The present moment has never really had a chance to be rooted in my life but, turning 28 this year and with 30 just around the corner, I feel I need to learn how to be present. Be here now. This has been a running theme in a few of my blog posts recently so I’m tuning into this vibe and paying attention.
You see, the problem that I have is that I am constantly wishing for the weekend, or wishing for payday, or wishing for the next social engagement, or the next holiday…I have always tried to avoid living for the weekend but, nowadays, I find myself doing just that. It’s fucking tragic and I’m kicking myself for falling into this trap. In waiting for the weekend, I’m wishing away my life and it’s just not worth it anymore. I mean, it’s June. It’s fucking JUNE! When did that happen?! Where have the last six months gone?! Life just seems to pick up speed as time goes on and it’s intimidating…
The other aspect of my personality is my want for everything now. As my friend said one day, “I want everything Amazon Prime!” I’ve always been this way but, in a society which encourages this, my microwave-mentality is given ammo and I’m finding myself ever impatient for the good things in life and the things I want.
The problem with this is that the time I spend wishing away my life, and avoiding being in the present moment, I am failing to listen to myself in the mean time. For example, you all know – and if you know me in person, you definitely know – how much I struggle living in a city. Good god, what was I thinking? I’ve spent two years here and they’ve passed by in a blur of constant whinging about other people and how hard it is and how expensive it is and how boring it is (ironically) and how I can’t wait for the day to leave! But…how can I give myself the chance to enjoy it if I’m constantly wishing to leave? In particular (and this is very important for me), how can I learn and grow from this experience if I’m avoiding being fully here?
In fact, this applies to anything – how can I feel my present emotions if I’m avoiding living in the now? How can I focus on what I truly need today if I’m forever dreaming of tomorrow? How can I possibly discern the steps needed right now to achieve my future goals if I am too busy daydreaming that distant future place?

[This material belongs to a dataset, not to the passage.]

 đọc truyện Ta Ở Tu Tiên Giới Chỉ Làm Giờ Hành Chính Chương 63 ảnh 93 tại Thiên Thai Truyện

Because life, when you think about it, is all about those small moments that contribute to our contentment and joy. It’s the first sign of Spring, it’s the hot days spent reading in the sunshine, it’s the late evenings watching Friends (thank you, Netflix!), it’s time spent with friends over a coffee, it’s the hot cup of tea after a long day, it’s the afternoon spent with family eating rapidly melting ice-cream, it’s just little Lego bricks of momentary pleasures that build a satisfying existence. I just want skip the construction part and go straight to having the ready-made thing. It’s good to have goals and it’s great to have things to look forward to but, when I’m sacrificing the small moments that contribute to each and every day, I ultimately miss out. And the only way to truly appreciate these moments isn’t by taking them for granted or wishing them away in place of bigger, spectacular events (or the fucking weekend) but just being absolutely present in each and every moment. Taking it for face value, not predicting and planning, not anticipating or pre-empting, but just showing up and being fully absorbed in whatever you are doing at that time.

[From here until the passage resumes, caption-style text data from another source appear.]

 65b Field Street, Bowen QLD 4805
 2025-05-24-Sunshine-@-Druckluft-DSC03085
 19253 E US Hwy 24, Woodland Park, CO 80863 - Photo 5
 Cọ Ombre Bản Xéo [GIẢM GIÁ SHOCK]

That way, I can truly drop into my body and my present mind. I can feel how I react to certain moments – for example, if I find myself wishing for the weekend, why? Do I enjoy my job? If not, why not? What about my career makes me want the week to be over? If I find myself daydreaming more and more about that next holiday – what about my present situation makes me feel so uncomfortable that I feel I need to take a two hour flight to Italy to escape this? What do I need to change in my day-to-day living that allows me to have those moments of relaxation? If I’m finding myself fantasizing about the day I get into a relationship – what’s the cause of my discomfort and boredom with being alone? Do I feel incomplete without a significant other in my life? Is this desire even mine, or is it born out of pressure from my friends/family?

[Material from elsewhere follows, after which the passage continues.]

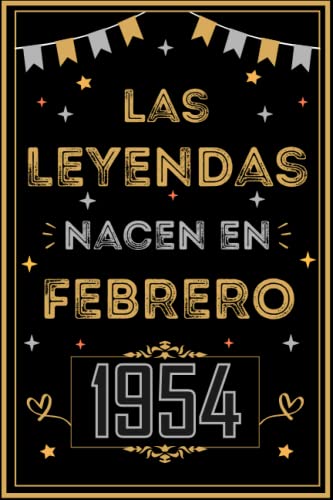 Imagen producto 0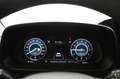 Hyundai i20 1.0 T-GDI Premium | Navigatie | Stoel- & Stuurverw Noir - thumbnail 6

I think this is going to be my challenge for the next few months. Just simply being in each moment, taking in each sight and sound and smell and taste and my own fucking feelings. Loving myself enough to be thankful for my life and not wishing it away for some future goal/dream/Saturday-goddamn-morning.
…Does any of this make sense? I hope it does…
It’s helped me, anyway.
Thanks for listening and being here with me now.